*STUDY MATERIAL*:
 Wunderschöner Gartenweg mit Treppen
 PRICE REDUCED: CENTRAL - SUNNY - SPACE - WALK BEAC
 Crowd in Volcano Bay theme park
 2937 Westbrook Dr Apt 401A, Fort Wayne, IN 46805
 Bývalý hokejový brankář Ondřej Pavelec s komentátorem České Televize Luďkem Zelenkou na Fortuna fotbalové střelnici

---

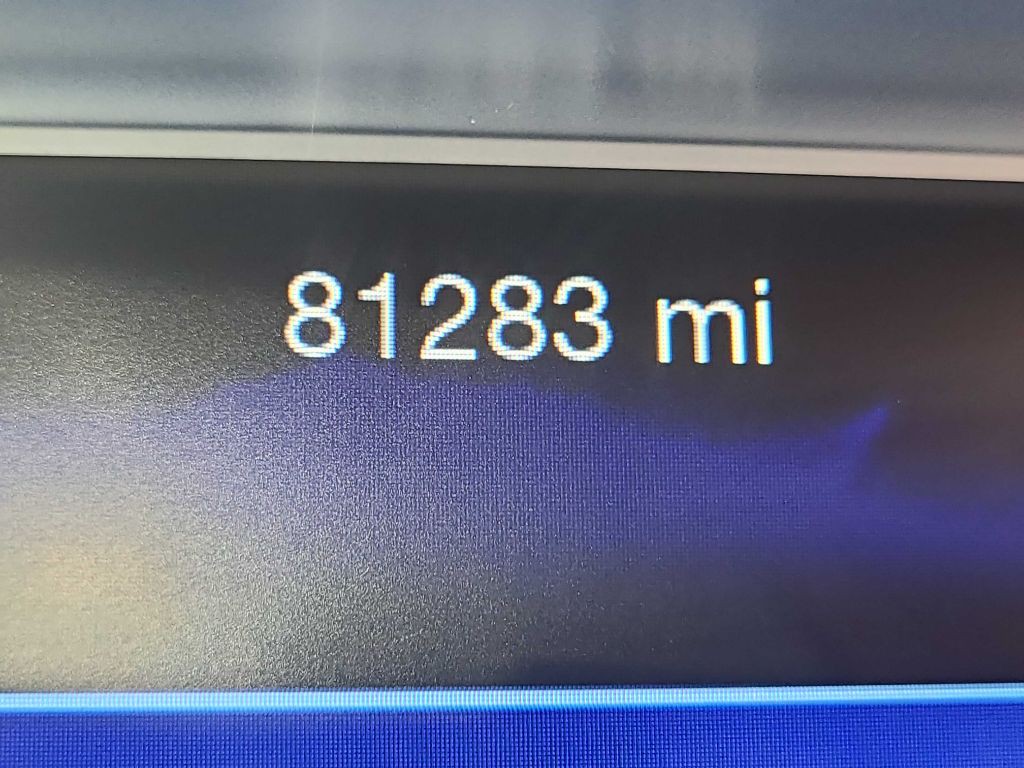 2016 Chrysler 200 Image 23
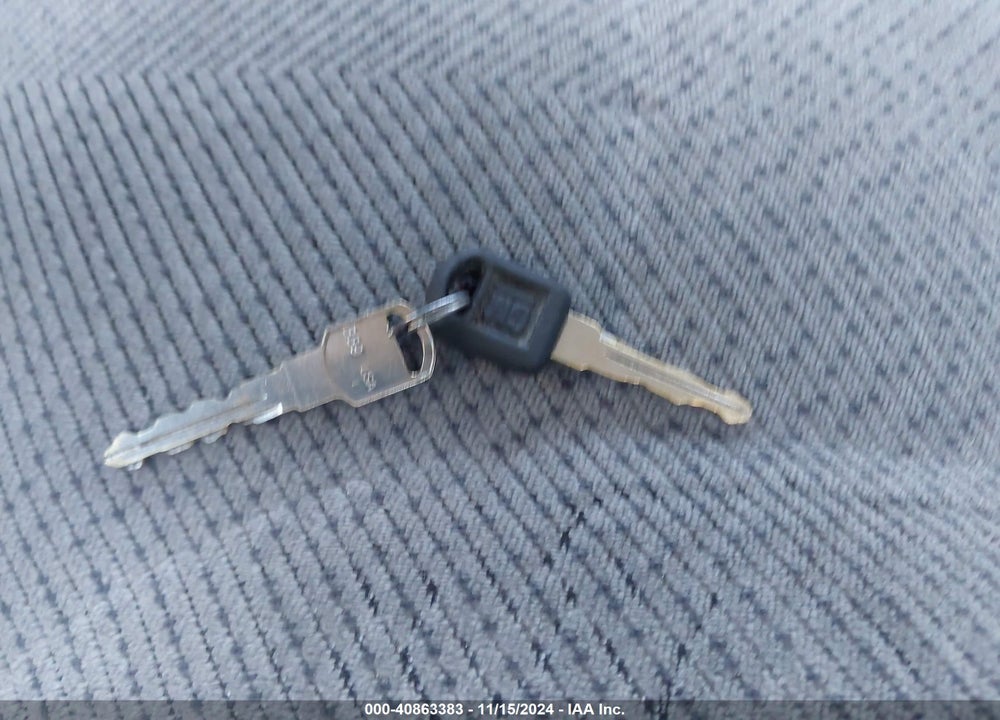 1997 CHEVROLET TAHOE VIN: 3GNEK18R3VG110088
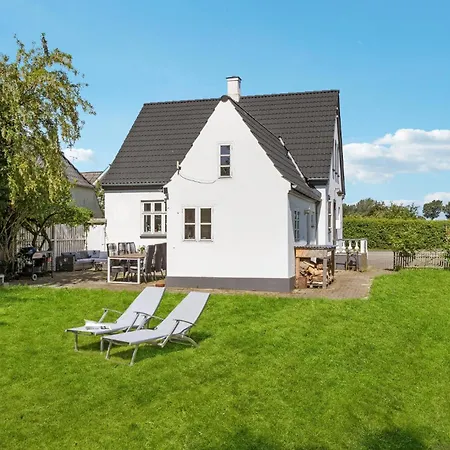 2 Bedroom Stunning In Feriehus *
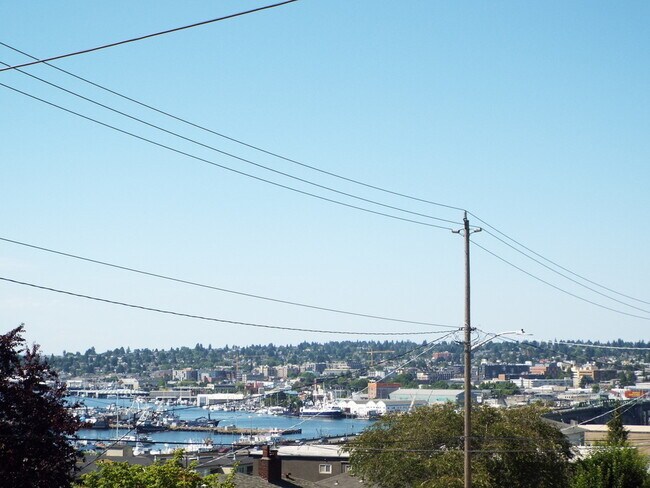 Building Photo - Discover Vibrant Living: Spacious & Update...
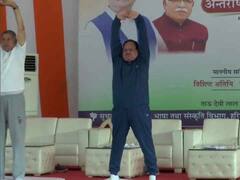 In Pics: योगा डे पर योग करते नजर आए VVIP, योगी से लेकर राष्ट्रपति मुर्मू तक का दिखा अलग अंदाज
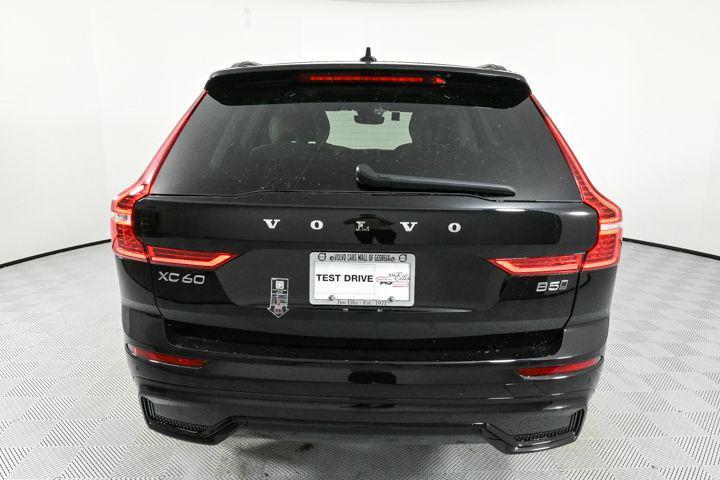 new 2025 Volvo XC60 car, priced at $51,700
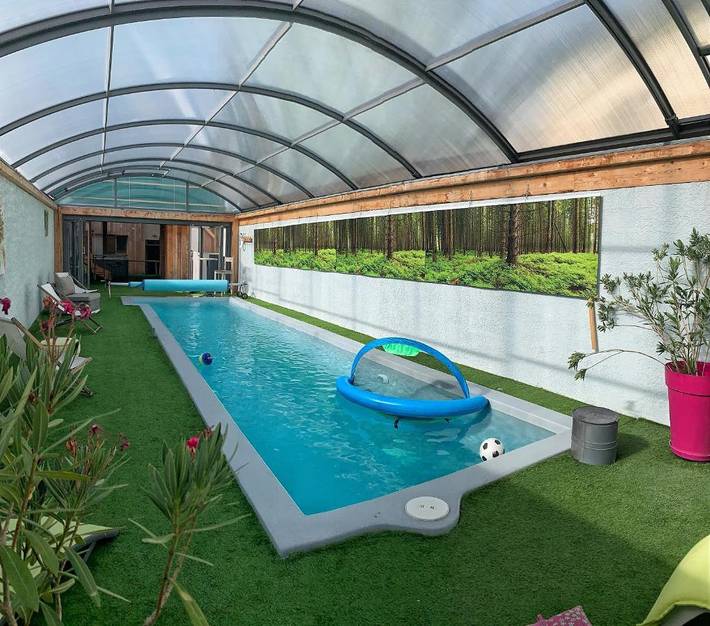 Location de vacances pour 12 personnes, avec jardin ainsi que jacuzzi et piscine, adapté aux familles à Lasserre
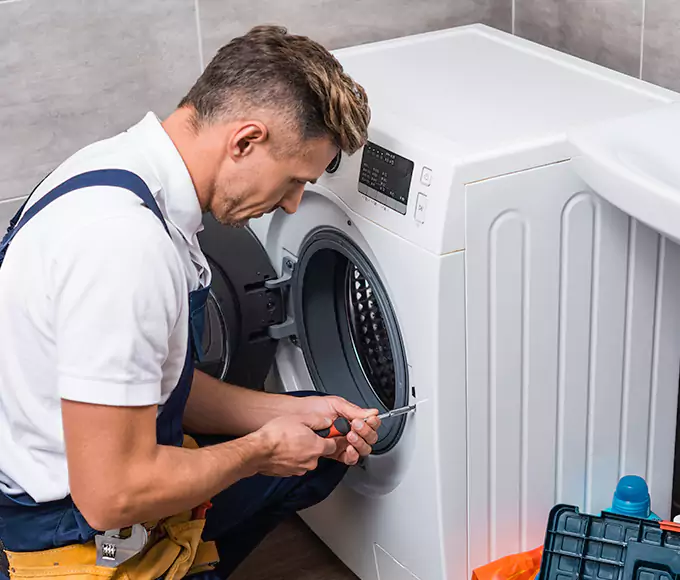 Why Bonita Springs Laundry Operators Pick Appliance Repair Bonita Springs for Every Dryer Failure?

---

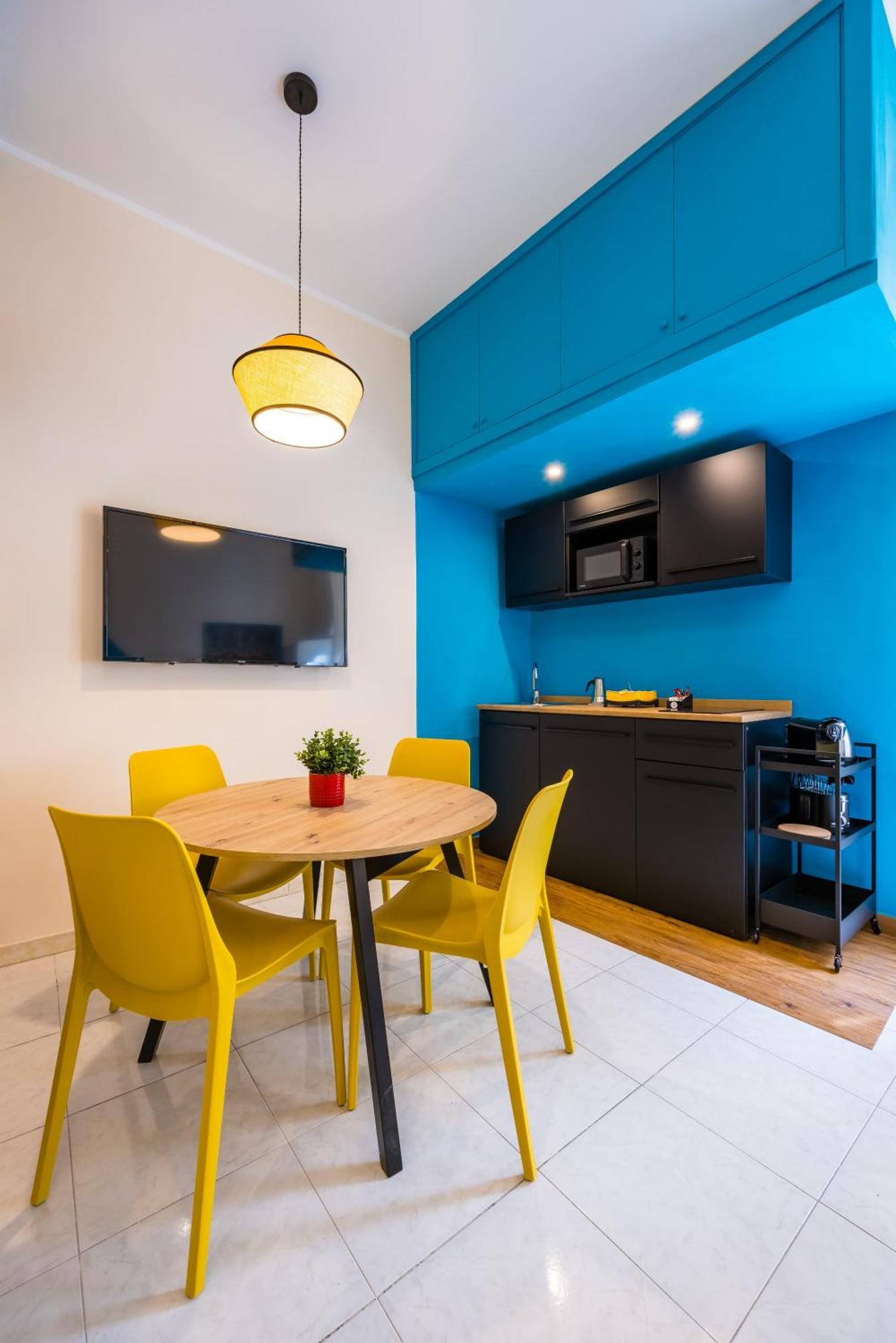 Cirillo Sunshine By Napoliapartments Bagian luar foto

*ABOUT THIS TASK*:
Using the data above, retype exactly the lines from the line with "Building Photo - Discover" to the line with "Why Bonita Springs", inclusive. No pictures and nothing else.

*ANSWER FOR THIS EXERCISE*:
 Building Photo - Discover Vibrant Living: Spacious & Update...
 In Pics: योगा डे पर योग करते नजर आए VVIP, योगी से लेकर राष्ट्रपति मुर्मू तक का दिखा अलग अंदाज
 new 2025 Volvo XC60 car, priced at $51,700
 Location de vacances pour 12 personnes, avec jardin ainsi que jacuzzi et piscine, adapté aux familles à Lasserre
 Why Bonita Springs Laundry Operators Pick Appliance Repair Bonita Springs for Every Dryer Failure?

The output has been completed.